Well, I’m lazy, and I used to be a crappy cook [occasionally still am!]. But these days, almost 100% of our meals are cooked from scratch, by me. This did not happen overnight, that’s for sure.
So, here’s what worked for me.
- Start small. Pick out some recipes online or from cookbooks and give them a whirl. Maybe on a Sunday, and you can even pack the leftovers for your lunch during the week! If it turns out, print it out or flag it to use again in the future. I don’t mind recipes with long lists of ingredients — as long as most of them are spices — but I tend to avoid ones with lengthy or complicated instructions.
- Start with simple ingredients. When you’re first starting out, you probably don’t want to be chopping up a raw chicken. I sure didn’t! Start with veggie meals or "easy to deal with" meats like hamburger, ground turkey, sausages and the like. You can work up from there. Also feel free to start with some convenience foods, even though they’re more expensive. [For instance, bags of lettuce or shredded cabbage.] It’s still [usually] cheaper than eating out, and you can transition off of them as you get more comfortable and faster in the kitchen.
- Find a good source of recipes.

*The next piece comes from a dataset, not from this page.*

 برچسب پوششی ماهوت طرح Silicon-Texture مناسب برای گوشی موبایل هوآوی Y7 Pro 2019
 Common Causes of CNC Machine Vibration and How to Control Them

People always tell you to get an all purpose, generic classic cookbook like Joy of Cooking or the like, but honestly, I wouldn’t bother. I have one and never, ever use it. Instead, if I’m looking for a generic potato salad recipe, I just go to google and search on "potato salad recipe" and dig around until I find one that looks good. Additionally, Joy of Cooking and its ilk and generally not geared towards my cooking criteria: fast, cheap, good. No, you don’t have to pick two! At the bottom of this post, I will list the cookbooks that I use most often, or have found most helpful in the transition from eater-outer to cook-at-homer.
- Use the "Taco Bell" approach: six ingredients, a million meals. Thankfully at our house, we like Mexican food. As long as I have tortillas, cheese, ground meat or shredded chicken, cans of ranch or black beans, salsa, sour cream, lettuce, etc … we’ve got meals. Tacos, burritos, enchiladas, mexican lasagna, tortilla pies, taco salad, you name it. Get some eggs, and you’ve even got breakfast tacos. [This also works well with Italian/pasta.]
Here’s a typical recipe that I like, swiped from my mom. There are a million versions of this one around:
Mom’s Veggie Pizza
2 8oz refrigerator crescent rolls [reduced fat okay]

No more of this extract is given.